■ TASK TO CARRY OUT ■
A verbatim transcript of the data below is required, images omitted.

■ RECORDED DATA ■
○ ○ ○
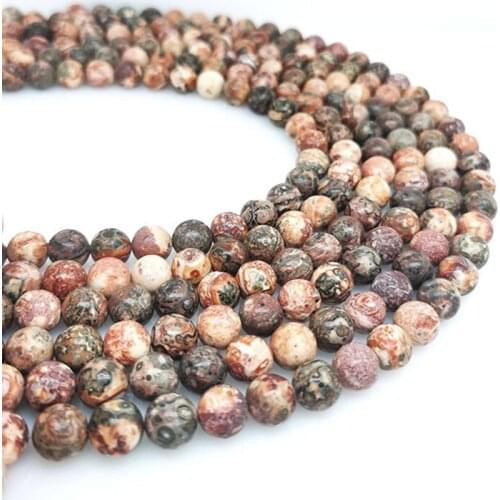 4-12mm Fashion Jewelry Natural Gem Red Leopard Stone Beads Energy Crystal Healing Gemstone Yoga Health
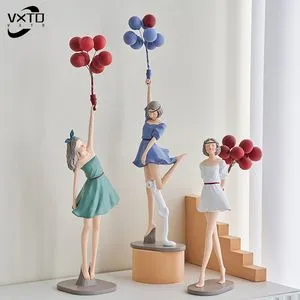 Modern Cute Balloon Girls Resin Ornaments Home Decor Crafts Statue Office Desk Figurines Decoration Bookcase Sculpture Craftsd offers at $23.2 in Aliexpress
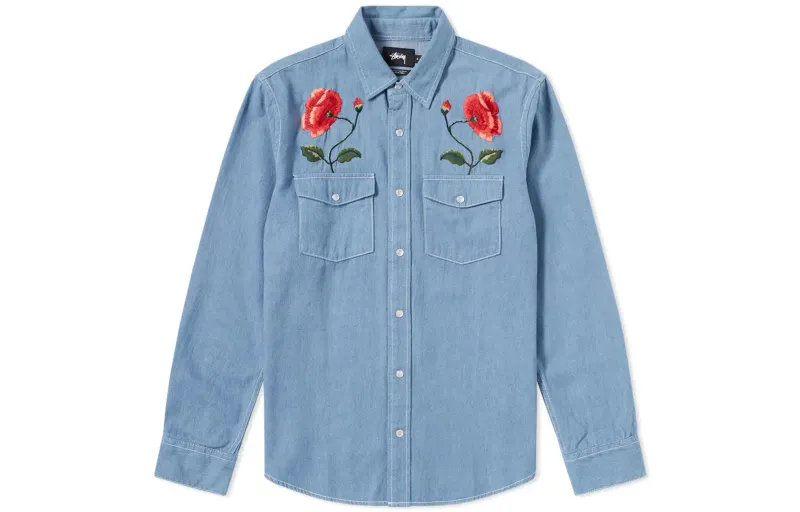Stussy Shirts Men's Pointed Collar Moderate Denim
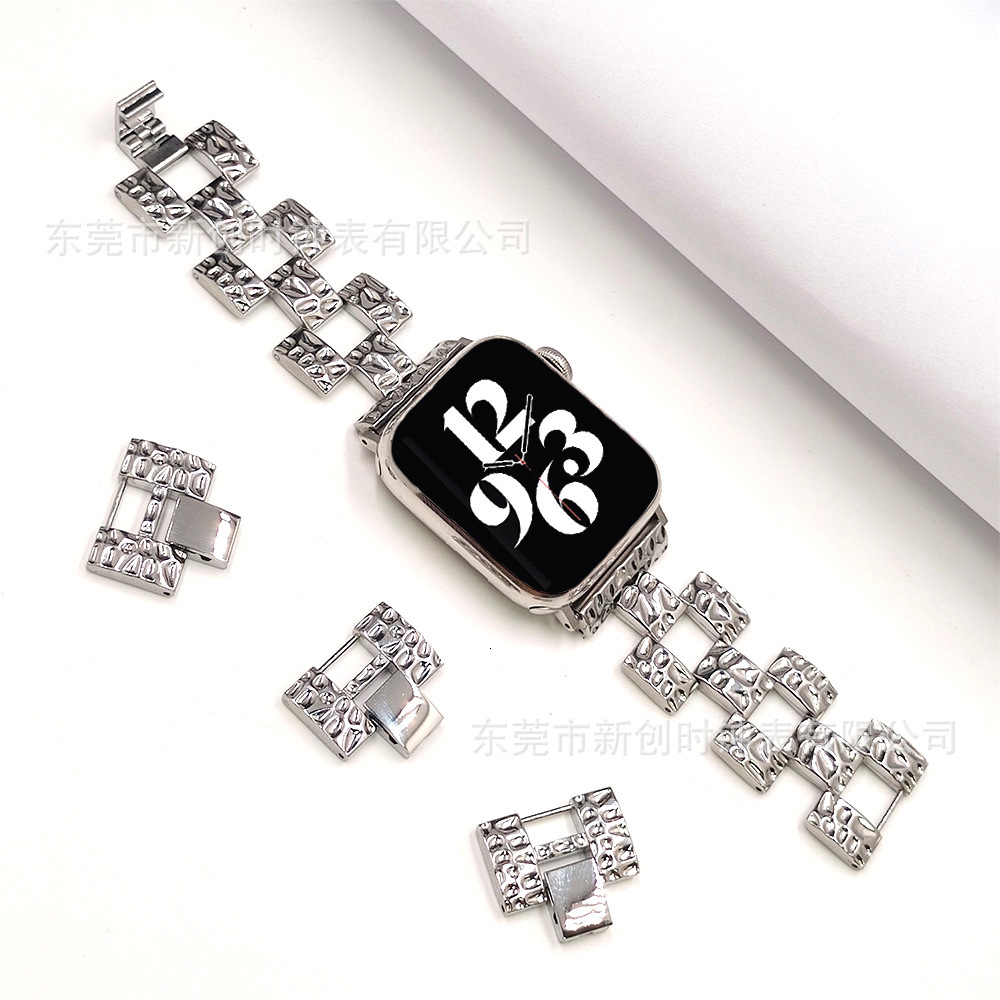 Fashion Trendy Stone Grain Texture Metal iWatch Band Premium Designer Stainless Steel Strap for iWatch Series 1-9 Stylish Luxury Wristband Wholesale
○ ○ ○
■ EXPECTED ANSWER ■
 4-12mm Fashion Jewelry Natural Gem Red Leopard Stone Beads Energy Crystal Healing Gemstone Yoga Health
 Modern Cute Balloon Girls Resin Ornaments Home Decor Crafts Statue Office Desk Figurines Decoration Bookcase Sculpture Craftsd offers at $23.2 in Aliexpress
Stussy Shirts Men's Pointed Collar Moderate Denim
 Fashion Trendy Stone Grain Texture Metal iWatch Band Premium Designer Stainless Steel Strap for iWatch Series 1-9 Stylish Luxury Wristband Wholesale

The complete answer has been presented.